DATASET RECORDS
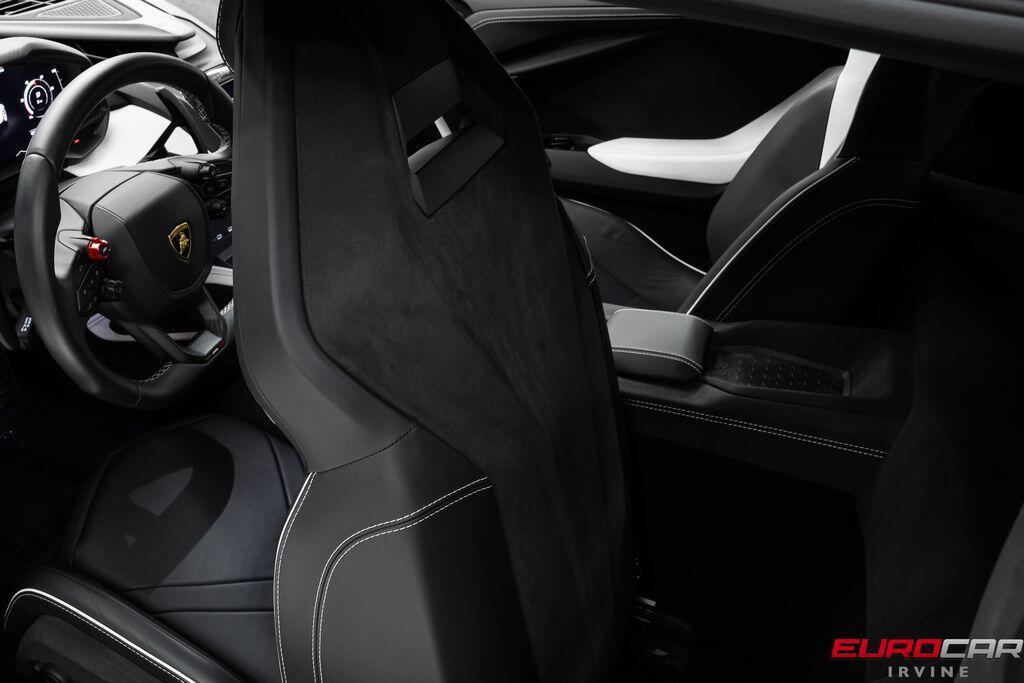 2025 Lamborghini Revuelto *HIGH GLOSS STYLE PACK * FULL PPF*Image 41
==
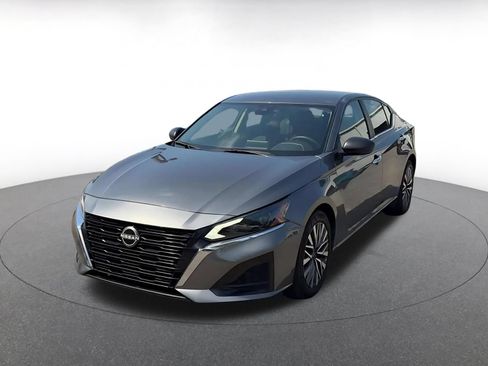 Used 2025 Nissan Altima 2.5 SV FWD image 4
--
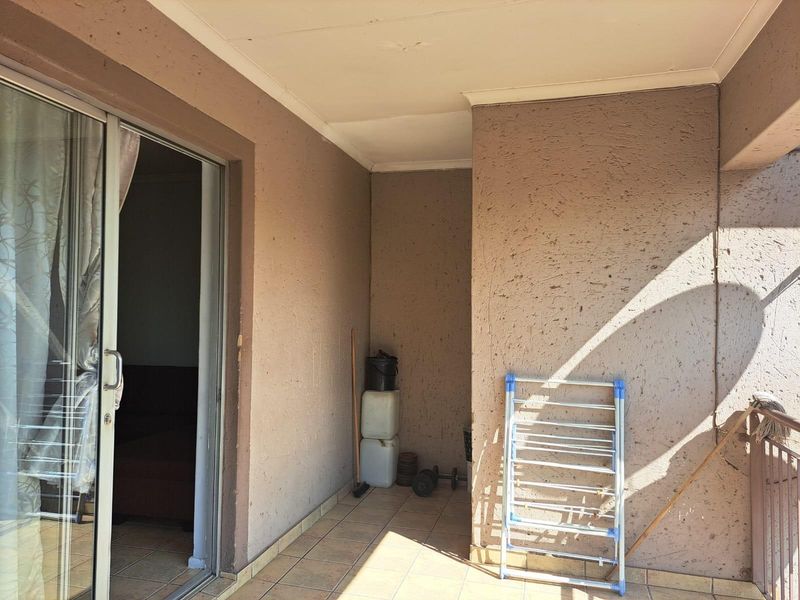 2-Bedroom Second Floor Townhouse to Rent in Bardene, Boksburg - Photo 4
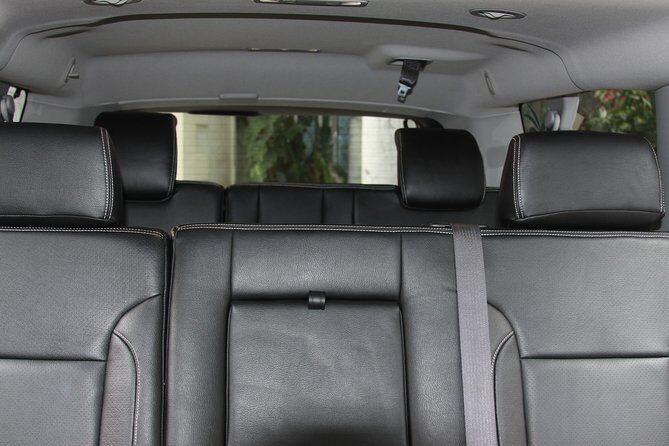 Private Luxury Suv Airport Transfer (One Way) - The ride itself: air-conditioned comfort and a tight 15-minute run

EXERCISE DESCRIPTION
Print nothing but the lines above starting with the line that contains "2-Bedroom Second Floor" and going on through the line that contains "Private Luxury Suv". Leave out the pictures.

ANSWER
 2-Bedroom Second Floor Townhouse to Rent in Bardene, Boksburg - Photo 4
 Private Luxury Suv Airport Transfer (One Way) - The ride itself: air-conditioned comfort and a tight 15-minute run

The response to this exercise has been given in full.